Aku melangkah gontai ke luar rumah. Ku tarik koper. Mata masih tertuju ke bangunan bertingkat yang selama ini ku tinggali. Rasanya tak tega meninggalkan rumah itu. Namun mau apa lagi, aku tak punya daya untuk memilikinya.
Ya Tuhan, kenapa Engkau berikan masalah yang tak habis-habisnya padaku. Selama ini aku selalu memujamu. Namun bukan kebahagiaan yang ku dapat. Engkau selalu memberiku duka dan lara. Haruskah aku terus memuja-Mu?
Tak hentinya aku merutuki nasib. Tuhan seolah mempermainkan hidupku. Dari kehilangan kedua orang tua hingga tak memiliki apa-apa.
Lalu lalang kendaraan begitu ramai. Aku berjalan melewati beberapa orang yang tengah asyik bersenda gurau sambil menikmati makanan. Tidak ada rasa simpati,semua seolah mentertawakan nasibku.
Lalu untuk apa aku hidup jika seperti ini? Tak ada saudara dan teman yang membantu. Semua menghilang ketika aku tak memiliki harta. Mereka tertawa melihat penderitaanku.
Untuk apa aku hidup, Tuhan?
Aku lelah.Ku lihat jalanan yang ramai kendaraan berlalu lalang. Entah kenapa aku ingin ke sana. Berjalan di tengah-tengah lalu disambut truk atau mobil. Pasti menyenangkan. Aku bisa langsung ke surga tanpa harus merasakan siksa dunia.
Ya, aku akan ke sana.
"Woy, lihat-lihat kalau jalan!"
"Mau cari mati!"
"Wanita gila!"
Suara sahut menyahut terdengar jelas di telinga. Tak aku hiraukan. Aku lebih tertarik berada tepat di tengah jalan. Ya, sebentar lagi aku sampai.
Tiiin... Tiiin....
Suara klakson mengiringi langkah kematianku. Mereka menyambut ku bukan? Ini yang mereka inginkan, aku hilang dari muka bumi ini.
BRUUG
Sebuah tarikan membuat tubuhku terjatuh tepat di tepi jalan.Siapa yang menarik tanganku?
"Sadar lo, Yas! Jangan bunuh diri!" ucap wanita berambut pirang seraya mengguncang-guncangkan tubuhku.
Ku tatap lekat wanita itu. Cindy, ya, dia Cindy temanku. Tanpa bicara ku peluk tubuhnya. Menangis dalam pelukannya.
***
Dua bulan aku menumpang hidup di kos Cindy. Aku sudah berusaha mencari pekerjaan ke sana kemari. Namun tetap saja tidak ada hasil. Mengandalkan ijazah SMA tak ada yang menerima. Aku belum lulus kuliah, baru semester enam dan harus ku lepas karena tak ada biaya untuk melanjutkan.

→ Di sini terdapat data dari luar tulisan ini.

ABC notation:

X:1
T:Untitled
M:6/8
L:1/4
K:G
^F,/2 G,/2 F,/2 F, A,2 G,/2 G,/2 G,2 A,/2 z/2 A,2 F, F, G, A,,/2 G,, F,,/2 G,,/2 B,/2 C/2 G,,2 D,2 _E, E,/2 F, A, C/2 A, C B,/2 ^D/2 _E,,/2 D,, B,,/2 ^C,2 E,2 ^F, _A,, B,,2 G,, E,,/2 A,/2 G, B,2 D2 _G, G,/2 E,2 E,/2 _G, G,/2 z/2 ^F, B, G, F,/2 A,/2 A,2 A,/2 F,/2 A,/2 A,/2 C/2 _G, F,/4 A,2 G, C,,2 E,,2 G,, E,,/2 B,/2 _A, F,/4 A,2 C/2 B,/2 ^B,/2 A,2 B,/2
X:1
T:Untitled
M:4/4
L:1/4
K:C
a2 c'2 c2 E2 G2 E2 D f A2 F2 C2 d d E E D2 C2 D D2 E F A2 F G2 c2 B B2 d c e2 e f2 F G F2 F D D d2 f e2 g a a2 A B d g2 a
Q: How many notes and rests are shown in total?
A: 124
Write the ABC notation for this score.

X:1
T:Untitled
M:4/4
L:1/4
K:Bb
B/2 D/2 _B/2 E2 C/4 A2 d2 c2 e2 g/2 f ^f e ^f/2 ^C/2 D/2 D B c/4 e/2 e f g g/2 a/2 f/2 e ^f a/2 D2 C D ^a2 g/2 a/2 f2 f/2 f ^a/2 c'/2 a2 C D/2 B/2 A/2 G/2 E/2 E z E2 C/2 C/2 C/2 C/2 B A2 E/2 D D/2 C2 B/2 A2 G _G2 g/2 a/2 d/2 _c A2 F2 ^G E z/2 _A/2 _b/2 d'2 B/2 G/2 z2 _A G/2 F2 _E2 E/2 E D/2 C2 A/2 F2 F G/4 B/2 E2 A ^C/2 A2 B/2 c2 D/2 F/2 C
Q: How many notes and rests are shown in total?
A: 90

Miris, hidup yang ku jalani saat ini. Sudah bisa makan saja masih untung. Kadang aku hanya makan satu kali sehari. Semua karena tak ada uang.
"Lo mau hidup begini terus, Yas?" tanya Cindy sambil menghisap rokok dari tangannya. Seketika kepulan asap rokok menyeruak ke seluruh kamar. Aku sampai terbatuk dibuatnya.

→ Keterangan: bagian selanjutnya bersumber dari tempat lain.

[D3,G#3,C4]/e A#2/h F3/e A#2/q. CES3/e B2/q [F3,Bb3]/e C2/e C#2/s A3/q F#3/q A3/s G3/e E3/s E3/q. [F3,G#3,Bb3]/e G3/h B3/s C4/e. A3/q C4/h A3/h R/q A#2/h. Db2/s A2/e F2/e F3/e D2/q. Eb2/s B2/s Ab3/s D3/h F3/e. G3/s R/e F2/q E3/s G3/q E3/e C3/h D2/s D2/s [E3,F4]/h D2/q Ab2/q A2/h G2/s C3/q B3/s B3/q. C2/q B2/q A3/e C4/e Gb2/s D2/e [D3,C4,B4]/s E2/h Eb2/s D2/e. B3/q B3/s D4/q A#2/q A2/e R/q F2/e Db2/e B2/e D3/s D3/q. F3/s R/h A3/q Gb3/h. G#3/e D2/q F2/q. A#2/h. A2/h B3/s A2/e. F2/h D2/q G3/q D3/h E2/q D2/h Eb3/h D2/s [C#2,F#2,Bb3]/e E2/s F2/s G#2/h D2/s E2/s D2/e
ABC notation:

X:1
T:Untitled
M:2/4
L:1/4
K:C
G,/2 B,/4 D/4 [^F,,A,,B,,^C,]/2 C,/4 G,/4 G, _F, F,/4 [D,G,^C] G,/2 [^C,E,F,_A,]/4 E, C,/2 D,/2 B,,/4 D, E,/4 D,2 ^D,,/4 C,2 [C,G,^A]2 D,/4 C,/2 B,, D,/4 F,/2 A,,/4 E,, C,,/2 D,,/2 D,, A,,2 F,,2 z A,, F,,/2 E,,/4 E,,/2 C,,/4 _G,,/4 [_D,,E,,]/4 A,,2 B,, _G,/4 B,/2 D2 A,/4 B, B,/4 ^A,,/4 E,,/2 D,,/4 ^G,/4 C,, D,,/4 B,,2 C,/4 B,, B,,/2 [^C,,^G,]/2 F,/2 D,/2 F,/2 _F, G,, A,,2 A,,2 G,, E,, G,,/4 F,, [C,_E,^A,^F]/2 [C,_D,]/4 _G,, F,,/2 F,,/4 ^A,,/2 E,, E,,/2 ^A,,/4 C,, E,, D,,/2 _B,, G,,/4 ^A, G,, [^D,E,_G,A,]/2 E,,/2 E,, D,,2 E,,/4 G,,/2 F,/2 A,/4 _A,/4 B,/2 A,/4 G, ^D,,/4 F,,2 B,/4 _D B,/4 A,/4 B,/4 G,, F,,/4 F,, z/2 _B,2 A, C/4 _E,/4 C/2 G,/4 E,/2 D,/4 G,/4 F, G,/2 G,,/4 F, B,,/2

"Gue udah cari kerja tadi tak dapat-dapat. Kalau begini gue nyesel. Kenapa tidak jadi bunuh diri sekalian. Kalau mati hilang beban hidup gue. Gue juga gak bakalan nyusahin lo!"
Cindy menghembuskan nafas kasar. Netranya menatapku dari ujung kepala hingga ujung kaki. Tak berapa lama ia tersenyum menyeringai ke arahku.
"Lo mau dapat uang cepat dan mudah kan? Semalam lima juta, mau?"
Semalam lima juta? Jelas mau. Siapa yang bisa menolak uang sebanyak itu. Jika dalam semalam lima juta, seminggu tiga puluh lima juta. Wow...
"Gue mau,Cin. Emang kerja apaan?"
Cindy beranjak dari duduknya. Membuka almari lalu melemparkan sebuah dress berwarna hitam padaku.
"Pakai, setelah itu kita berangkat!"
Aku menggelengkan kepala melihat dress kurang bahan yang ia berikan padaku. Bagaimana bisa aku memakai baju seperti ini? Memegangnya saja baru sekali seumur hidup.
"Mau kaya gak lo? Sudah gak usah protes!"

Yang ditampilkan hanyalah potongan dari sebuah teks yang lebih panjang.